**Recorded information:**
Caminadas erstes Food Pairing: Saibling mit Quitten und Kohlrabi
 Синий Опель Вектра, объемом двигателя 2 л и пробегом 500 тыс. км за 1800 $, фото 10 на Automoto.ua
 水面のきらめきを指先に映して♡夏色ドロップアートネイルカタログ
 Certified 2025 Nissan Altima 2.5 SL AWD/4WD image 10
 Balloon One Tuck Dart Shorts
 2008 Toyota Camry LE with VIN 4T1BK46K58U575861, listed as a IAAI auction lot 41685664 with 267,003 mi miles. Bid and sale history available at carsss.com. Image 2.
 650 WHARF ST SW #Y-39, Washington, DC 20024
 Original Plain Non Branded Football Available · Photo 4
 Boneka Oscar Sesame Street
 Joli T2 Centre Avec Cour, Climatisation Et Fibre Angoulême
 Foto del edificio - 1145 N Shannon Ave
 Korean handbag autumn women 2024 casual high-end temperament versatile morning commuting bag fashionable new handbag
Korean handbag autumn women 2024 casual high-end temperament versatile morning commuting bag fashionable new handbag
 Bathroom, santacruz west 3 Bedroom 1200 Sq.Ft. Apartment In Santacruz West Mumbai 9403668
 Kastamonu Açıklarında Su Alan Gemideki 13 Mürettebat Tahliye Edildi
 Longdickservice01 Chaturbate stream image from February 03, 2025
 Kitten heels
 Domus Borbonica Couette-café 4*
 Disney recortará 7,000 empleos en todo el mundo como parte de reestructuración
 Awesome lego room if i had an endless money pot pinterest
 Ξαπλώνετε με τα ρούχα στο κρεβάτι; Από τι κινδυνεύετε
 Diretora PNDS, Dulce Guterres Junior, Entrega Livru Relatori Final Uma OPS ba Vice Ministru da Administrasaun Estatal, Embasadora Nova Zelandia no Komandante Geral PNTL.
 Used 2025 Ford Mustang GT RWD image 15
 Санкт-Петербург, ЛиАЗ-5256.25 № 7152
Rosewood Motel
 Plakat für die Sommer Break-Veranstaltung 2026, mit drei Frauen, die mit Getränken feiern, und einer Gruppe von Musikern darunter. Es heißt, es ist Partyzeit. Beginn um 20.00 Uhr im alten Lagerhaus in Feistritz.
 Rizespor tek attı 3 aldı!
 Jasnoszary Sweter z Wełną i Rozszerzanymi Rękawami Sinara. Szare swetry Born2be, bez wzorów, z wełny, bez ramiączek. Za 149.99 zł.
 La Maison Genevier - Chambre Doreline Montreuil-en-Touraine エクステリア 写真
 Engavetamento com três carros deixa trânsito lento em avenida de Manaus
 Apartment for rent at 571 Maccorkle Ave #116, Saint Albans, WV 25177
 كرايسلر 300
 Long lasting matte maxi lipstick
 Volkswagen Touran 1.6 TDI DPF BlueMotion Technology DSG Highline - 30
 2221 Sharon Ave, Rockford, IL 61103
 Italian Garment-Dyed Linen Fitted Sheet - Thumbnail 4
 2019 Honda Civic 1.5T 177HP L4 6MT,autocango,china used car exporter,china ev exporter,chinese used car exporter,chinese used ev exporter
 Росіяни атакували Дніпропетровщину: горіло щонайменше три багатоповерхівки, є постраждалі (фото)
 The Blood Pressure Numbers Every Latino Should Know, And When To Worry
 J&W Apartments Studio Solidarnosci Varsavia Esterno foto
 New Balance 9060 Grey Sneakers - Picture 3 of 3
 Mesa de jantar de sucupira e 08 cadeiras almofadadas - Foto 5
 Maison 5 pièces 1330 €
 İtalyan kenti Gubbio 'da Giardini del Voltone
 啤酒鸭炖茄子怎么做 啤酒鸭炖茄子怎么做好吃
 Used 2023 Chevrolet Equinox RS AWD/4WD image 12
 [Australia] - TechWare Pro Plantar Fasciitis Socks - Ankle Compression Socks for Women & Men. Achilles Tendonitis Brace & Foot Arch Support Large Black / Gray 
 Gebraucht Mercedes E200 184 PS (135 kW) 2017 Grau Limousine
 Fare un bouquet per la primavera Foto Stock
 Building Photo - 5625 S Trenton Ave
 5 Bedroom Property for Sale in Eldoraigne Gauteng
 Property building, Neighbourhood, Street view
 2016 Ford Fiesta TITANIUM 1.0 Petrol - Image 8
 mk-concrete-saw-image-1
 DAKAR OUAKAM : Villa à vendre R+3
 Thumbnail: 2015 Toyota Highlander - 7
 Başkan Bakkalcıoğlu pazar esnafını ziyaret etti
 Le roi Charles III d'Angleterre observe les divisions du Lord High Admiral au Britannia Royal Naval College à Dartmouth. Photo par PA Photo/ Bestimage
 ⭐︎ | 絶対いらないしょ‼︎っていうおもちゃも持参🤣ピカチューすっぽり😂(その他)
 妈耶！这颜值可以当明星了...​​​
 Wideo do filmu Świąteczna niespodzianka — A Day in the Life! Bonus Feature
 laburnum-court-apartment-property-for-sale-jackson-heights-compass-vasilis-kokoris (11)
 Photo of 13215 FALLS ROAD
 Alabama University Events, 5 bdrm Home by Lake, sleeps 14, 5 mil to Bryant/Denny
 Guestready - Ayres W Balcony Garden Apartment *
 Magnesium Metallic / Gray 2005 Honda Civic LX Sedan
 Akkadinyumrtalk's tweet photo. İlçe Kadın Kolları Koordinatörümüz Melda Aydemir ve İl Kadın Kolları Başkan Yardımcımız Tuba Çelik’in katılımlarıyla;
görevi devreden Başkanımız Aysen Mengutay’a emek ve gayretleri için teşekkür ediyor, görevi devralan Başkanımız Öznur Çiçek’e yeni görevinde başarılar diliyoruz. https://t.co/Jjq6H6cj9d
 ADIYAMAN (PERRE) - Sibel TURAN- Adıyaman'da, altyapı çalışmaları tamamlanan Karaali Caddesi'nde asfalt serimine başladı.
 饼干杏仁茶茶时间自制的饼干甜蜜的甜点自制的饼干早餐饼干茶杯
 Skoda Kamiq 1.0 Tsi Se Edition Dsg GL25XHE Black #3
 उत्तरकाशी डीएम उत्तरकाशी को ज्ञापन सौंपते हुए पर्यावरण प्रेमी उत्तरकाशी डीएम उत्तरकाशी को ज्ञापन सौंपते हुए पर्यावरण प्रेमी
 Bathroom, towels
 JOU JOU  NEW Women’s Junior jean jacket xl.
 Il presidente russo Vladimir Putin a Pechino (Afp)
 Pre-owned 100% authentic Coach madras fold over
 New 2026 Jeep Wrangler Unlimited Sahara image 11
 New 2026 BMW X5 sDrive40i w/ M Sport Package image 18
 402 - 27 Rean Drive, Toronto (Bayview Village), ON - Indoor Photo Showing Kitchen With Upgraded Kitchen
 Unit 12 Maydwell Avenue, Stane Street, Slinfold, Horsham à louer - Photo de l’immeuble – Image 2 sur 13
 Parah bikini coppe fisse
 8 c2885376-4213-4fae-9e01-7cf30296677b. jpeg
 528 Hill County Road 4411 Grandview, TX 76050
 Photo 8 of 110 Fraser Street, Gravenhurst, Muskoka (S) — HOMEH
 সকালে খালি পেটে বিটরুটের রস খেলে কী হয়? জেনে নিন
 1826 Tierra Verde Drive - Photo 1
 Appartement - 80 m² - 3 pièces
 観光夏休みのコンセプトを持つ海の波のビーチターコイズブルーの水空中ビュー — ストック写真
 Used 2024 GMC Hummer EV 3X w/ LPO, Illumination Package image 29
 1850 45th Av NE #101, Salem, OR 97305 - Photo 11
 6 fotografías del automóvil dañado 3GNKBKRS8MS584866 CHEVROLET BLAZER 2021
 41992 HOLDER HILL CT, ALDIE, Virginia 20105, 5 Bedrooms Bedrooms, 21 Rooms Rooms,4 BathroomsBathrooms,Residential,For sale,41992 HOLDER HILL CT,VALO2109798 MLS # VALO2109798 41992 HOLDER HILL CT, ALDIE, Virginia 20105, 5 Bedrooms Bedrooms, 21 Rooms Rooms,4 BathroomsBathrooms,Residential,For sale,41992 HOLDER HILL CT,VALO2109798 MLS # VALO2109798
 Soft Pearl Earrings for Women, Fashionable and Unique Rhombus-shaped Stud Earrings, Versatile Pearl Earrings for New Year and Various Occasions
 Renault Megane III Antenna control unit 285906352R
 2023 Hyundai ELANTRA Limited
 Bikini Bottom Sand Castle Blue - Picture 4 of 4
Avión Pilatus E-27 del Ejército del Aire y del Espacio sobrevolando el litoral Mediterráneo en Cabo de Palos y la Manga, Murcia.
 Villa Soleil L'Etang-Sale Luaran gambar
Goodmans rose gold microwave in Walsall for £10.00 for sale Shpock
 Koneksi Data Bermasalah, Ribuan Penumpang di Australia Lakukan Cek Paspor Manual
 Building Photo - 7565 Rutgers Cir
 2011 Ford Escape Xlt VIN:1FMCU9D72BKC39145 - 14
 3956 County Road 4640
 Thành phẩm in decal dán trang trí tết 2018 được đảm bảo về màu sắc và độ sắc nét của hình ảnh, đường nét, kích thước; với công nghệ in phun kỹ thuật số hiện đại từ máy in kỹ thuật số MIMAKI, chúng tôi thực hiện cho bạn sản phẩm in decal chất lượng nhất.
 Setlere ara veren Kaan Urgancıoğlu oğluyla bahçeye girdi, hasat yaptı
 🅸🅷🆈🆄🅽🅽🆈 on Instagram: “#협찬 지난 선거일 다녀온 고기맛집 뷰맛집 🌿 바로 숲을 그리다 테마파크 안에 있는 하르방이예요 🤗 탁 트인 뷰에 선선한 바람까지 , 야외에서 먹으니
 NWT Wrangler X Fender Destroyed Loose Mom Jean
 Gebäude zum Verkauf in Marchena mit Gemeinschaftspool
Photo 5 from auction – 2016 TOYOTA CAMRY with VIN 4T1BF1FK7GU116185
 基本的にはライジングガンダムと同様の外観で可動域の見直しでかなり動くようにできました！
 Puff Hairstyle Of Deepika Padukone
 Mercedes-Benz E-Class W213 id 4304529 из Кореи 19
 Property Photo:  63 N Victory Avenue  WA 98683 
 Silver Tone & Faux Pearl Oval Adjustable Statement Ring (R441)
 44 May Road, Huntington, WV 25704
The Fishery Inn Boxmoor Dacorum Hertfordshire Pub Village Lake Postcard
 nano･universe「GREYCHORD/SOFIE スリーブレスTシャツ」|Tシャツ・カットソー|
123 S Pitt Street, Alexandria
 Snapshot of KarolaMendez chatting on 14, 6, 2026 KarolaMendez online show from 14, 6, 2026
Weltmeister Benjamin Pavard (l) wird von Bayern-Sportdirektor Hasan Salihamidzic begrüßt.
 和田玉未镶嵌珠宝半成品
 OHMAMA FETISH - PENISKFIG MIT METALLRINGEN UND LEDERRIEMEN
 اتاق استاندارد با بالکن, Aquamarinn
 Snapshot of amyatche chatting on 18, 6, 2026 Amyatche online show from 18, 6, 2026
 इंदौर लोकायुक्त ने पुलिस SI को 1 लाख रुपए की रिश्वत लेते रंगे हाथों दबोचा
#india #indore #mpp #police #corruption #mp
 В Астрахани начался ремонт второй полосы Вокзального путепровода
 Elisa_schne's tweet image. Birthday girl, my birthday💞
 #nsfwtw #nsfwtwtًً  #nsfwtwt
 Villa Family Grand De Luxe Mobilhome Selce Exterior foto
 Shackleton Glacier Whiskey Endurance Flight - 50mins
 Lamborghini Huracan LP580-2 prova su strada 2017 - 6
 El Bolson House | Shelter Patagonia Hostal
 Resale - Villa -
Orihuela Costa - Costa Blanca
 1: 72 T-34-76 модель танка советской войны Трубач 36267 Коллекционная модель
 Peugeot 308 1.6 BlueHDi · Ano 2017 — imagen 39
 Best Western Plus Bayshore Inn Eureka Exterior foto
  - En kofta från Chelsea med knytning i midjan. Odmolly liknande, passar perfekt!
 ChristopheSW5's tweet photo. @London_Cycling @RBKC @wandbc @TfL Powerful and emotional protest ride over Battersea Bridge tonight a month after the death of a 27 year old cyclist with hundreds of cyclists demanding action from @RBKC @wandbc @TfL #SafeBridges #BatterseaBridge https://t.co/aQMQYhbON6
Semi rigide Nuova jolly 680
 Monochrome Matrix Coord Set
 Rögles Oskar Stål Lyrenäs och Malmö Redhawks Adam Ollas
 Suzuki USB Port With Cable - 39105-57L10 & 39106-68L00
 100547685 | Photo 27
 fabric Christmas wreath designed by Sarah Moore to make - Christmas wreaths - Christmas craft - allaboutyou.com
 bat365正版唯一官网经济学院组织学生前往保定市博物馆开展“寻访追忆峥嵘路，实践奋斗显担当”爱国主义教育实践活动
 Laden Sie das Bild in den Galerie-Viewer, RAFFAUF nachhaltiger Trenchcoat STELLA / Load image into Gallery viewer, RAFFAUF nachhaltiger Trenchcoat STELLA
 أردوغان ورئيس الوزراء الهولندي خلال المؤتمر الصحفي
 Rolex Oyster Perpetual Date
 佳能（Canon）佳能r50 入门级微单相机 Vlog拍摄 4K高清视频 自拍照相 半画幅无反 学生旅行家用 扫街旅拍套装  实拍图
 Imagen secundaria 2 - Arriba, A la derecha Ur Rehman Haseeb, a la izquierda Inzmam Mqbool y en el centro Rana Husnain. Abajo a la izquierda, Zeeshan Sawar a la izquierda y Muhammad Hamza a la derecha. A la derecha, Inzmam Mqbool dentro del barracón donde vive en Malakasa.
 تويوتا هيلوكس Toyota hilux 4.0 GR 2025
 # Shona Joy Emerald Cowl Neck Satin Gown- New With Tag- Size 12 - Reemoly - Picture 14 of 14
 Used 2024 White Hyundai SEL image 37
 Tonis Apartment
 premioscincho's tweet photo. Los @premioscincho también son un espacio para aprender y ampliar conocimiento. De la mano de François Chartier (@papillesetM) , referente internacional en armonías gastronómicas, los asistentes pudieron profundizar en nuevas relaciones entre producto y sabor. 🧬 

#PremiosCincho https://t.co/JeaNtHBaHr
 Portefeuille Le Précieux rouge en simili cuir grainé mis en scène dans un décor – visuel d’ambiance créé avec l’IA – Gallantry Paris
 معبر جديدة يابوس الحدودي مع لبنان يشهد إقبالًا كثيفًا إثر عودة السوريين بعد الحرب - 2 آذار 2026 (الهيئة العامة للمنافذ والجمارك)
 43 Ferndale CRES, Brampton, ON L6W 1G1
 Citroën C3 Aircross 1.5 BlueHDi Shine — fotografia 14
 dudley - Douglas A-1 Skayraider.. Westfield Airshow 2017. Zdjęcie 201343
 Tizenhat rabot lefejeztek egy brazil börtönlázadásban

**About this exercise:** The expected response is the material above given again line by line, from its first line to the line holding "Boneka Oscar Sesame Street", inclusive.

**Written reply:**
Caminadas erstes Food Pairing: Saibling mit Quitten und Kohlrabi
 Синий Опель Вектра, объемом двигателя 2 л и пробегом 500 тыс. км за 1800 $, фото 10 на Automoto.ua
 水面のきらめきを指先に映して♡夏色ドロップアートネイルカタログ
 Certified 2025 Nissan Altima 2.5 SL AWD/4WD image 10
 Balloon One Tuck Dart Shorts
 2008 Toyota Camry LE with VIN 4T1BK46K58U575861, listed as a IAAI auction lot 41685664 with 267,003 mi miles. Bid and sale history available at carsss.com. Image 2.
 650 WHARF ST SW #Y-39, Washington, DC 20024
 Original Plain Non Branded Football Available · Photo 4
 Boneka Oscar Sesame Street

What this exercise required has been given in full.